Here is a reproducible example.
var_tab <- data.frame(coef=c(1:4), p=rep(0.1, 4))
var_tab <- cbind (var_tab, c("one", "two", "three", "four"))
var_tab[4] <- "three"
> var_tab
coef p c("one", "two", "three", "four") V4
1 1 0.1 one three
2 2 0.1 two three
3 3 0.1 three three
4 4 0.1 four three
> colnames(var_tab)
[1] "coef"
[2] "p"
[3] "c(\"one\", \"two\", \"three\", \"four\")"
[4] "V4"
All as expected...until I rename the columns. The colnames aren't all showing up correctly! The colnames change, but they only show up for the third variable, not the fourth variable.
var_tab[4] <- ifelse(var_tab[4] == var_tab[3], 1, 0)
colnames(var_tab)[3:4] <- c("model", "base")
> var_tab
coef p model V4
1 1 0.1 one 0
2 2 0.1 two 0
3 3 0.1 three 1
4 4 0.1 four 0
> colnames(var_tab)
[1] "coef" "p" "model" "base"
The problem can be solved by renaming column 4 before recalculating it, so the problem is easily avoidable.
colnames(var_tab)[3:4] <- c("model", "base")
var_tab[4] <- ifelse(var_tab[4] == var_tab[3], 1, 0)
> colnames(var_tab)
[1] "coef" "p" "model" "base"
> var_tab
coef p model base
1 1 0.1 one 0
2 2 0.1 two 0
3 3 0.1 three 1
4 4 0.1 four 0
Though I can avoid the problem, I still cannot understand what solved the problem. And I cannot find any other reference to this issue. It vaguely reminds me of the R floating number problem. Does anyone here know what caused my colnames to not be applied to the dataframe?

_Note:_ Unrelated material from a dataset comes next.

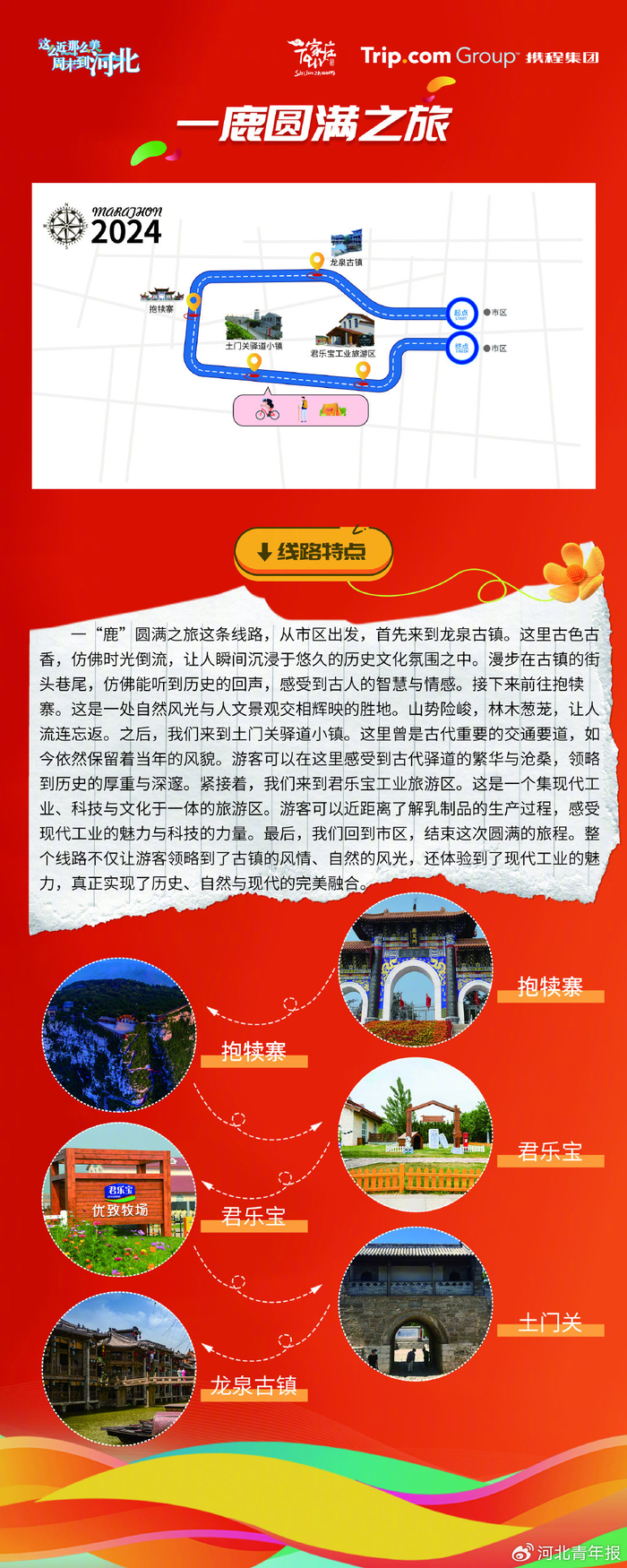 "激情马拉松,活力石家庄"奔跑旅行嘉年华文旅系列活动启动|嘉年华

Thanks in advance for your help!
CodePudding user response:
After your setup
var_tab <- data.frame(coef=c(1:4), p=rep(0.1, 4))
var_tab <- cbind (var_tab, c("one", "two", "three", "four"))
var_tab[4] <- "three"
note the difference between
str(var_tab[4] == var_tab[3])
str(var_tab[[4]] == var_tab[[3]])
The first one returns a data.frame. When you assign a data.frame with a single column to a column of a data frame, then things get weird. The outer data frame has a name for the column that contains a data frame. That inner data frame has its own name for its column.
If you assign a clean vector to a column of a data.frame then you don't have this problem.
So you should use
var_tab[4] <- ifelse(var_tab[[4]] == var_tab[[3]], 1, 0)
colnames(var_tab)[3:4] <- c("model", "base")